- MapReduce is a distributed computing framework for processing large datasets.
- A map function processes a key/value input and outputs intermediate key/value pairs.
- A reduce function merges all intermediate values associated with the same intermediate key.
Programming Model
- The user provides the Map and Reduce functions.
- The MapReduce library groups all intermediate values associated with the same intermediate key.
map: (k1, v1) --> list(k2, v2)
reduce: (k2, list(v2)) -> list(v2)
- The input keys and values are in a different domain from the output keys and values.
- The intermediate key/value pairs are in the same domain as the output keys and values.
Word Counting With MapReduce
The below pseudo-code block shows how the MapReduce framework can be used to count the number of words in various documents.
# The key is the doc_name.
# The value is the doc_contents.
# The intermediate result is (word, 1).
# The map function is run on multiple documents.
# We will get a large number of (word, 1) pairs.
Map(String doc_name, String doc_contents):
for each word in doc_contents:
EmitIntermediate(w, "1")
# At this point, the MapReduce framework will aggregate
# all pairs with the same key.

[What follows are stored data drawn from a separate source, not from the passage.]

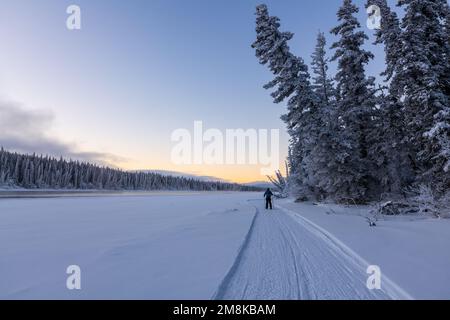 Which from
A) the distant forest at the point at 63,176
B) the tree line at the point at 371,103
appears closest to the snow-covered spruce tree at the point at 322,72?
the tree line at the point at 371,103

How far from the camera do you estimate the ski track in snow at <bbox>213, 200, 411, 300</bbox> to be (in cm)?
486

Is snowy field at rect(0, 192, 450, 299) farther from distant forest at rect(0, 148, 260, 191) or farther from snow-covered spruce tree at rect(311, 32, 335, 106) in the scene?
distant forest at rect(0, 148, 260, 191)

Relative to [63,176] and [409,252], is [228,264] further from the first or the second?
[63,176]

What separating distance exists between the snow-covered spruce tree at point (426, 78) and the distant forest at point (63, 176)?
105 m

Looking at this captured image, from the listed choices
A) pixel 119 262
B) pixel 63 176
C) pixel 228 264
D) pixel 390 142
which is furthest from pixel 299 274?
pixel 63 176

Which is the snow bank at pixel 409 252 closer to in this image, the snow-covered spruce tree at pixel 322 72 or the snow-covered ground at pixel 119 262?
the snow-covered ground at pixel 119 262

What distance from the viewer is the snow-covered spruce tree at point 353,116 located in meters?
21.4

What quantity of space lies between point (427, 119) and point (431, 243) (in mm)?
10737

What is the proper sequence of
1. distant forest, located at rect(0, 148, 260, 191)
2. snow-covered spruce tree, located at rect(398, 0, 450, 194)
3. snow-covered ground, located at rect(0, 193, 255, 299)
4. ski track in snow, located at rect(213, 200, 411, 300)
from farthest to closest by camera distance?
distant forest, located at rect(0, 148, 260, 191), snow-covered spruce tree, located at rect(398, 0, 450, 194), snow-covered ground, located at rect(0, 193, 255, 299), ski track in snow, located at rect(213, 200, 411, 300)

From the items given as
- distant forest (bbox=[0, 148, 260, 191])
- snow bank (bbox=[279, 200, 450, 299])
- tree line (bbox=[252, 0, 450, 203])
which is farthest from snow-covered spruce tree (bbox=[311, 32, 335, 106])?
distant forest (bbox=[0, 148, 260, 191])

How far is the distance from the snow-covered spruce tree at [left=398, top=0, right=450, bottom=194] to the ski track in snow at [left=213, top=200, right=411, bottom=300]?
34.6ft

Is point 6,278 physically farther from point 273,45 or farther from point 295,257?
point 273,45

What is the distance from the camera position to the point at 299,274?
593cm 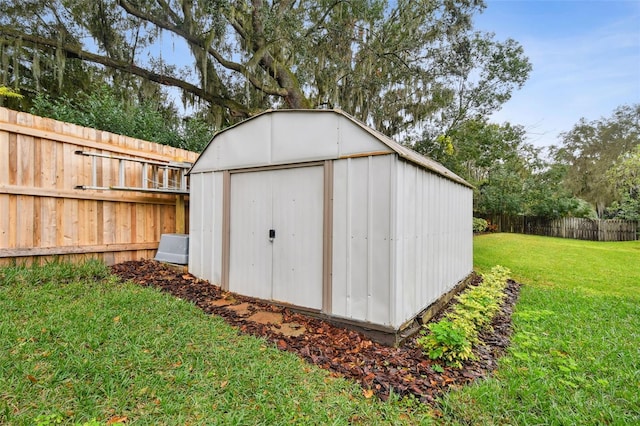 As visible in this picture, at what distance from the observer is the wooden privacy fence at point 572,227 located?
1532cm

For example, the Reduce
# will run on the following inputs -
# (w1, [1, 1, ...]), (w2, [1, 1, ...]), (w3, [1, 1, ...])
# The input is going to be (word, [1, 1, ... 1]).
# The output will be count (number of times the word is seen).
Reduce(String word, Iterator counts):
return sum(counts)
# The reduce function will run on every aggregate created
# by the framework, and each run will produce a single number.
# The sum of all the outputs of the reduce functions will give us
# the total number of words in various documents.
Implementation
- STEP 1: The MapReduce library splits the input into M splits.
- One of these pieces is called the Master, which assigns work to the other splits (Workers).
- There are M map tasks and R reduce tasks. An idle worker executes either a map or a reduce task.
- STEP 2: A map worker parses key-value pairs from the input and executes the map function.
- The intermediate key value pairs are buffered and periodically written to disk.
- The master can access the disk and send data to idle workers to execute the reduce function.
- STEP 3: The reduced worker uses an RPC to retrieve data from the disk.
- The worker sorts the intermediate key/value pairs to group all instances of the same key together. This is fed to the reduce function.
- The output of the reduce functions is appended to the final output file.
- STEP 4: There will be one output file per reduce task.
- Typically, these files are then sent through another MapReduce operation.